◆ GOAL OF THE EXERCISE
Exact retyping of the data: please keep every word and drop each picture.
┌─ GIVEN MATERIAL
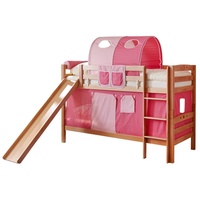 TICAA Etagenbett mit Rutsche "Lupo" Buche Natur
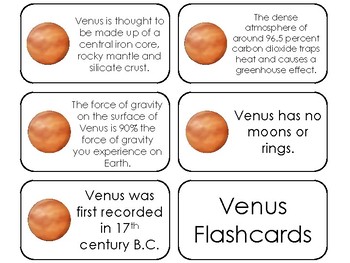 Preview of 23 Venus Printable Planet Facts Astronomy Flashcards.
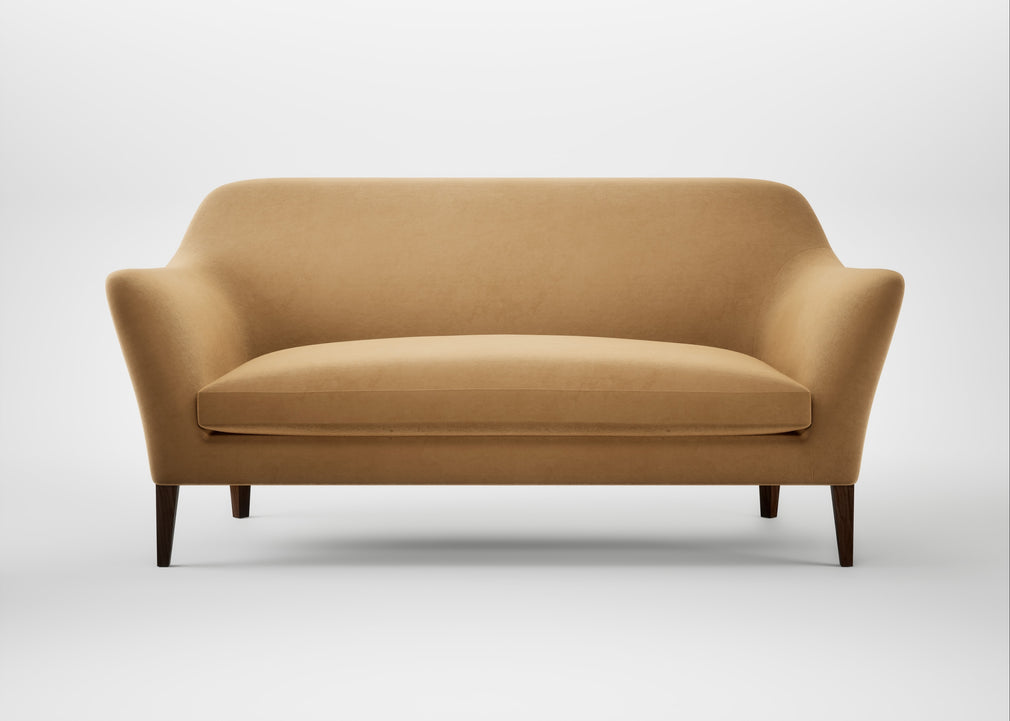 Wallis 3 Seater Sofa Wool Velvet Camel / Walnut Stained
└─
◆ OUTPUT OF THE EXERCISE
 TICAA Etagenbett mit Rutsche "Lupo" Buche Natur
 Preview of 23 Venus Printable Planet Facts Astronomy Flashcards.
 Wallis 3 Seater Sofa Wool Velvet Camel / Walnut Stained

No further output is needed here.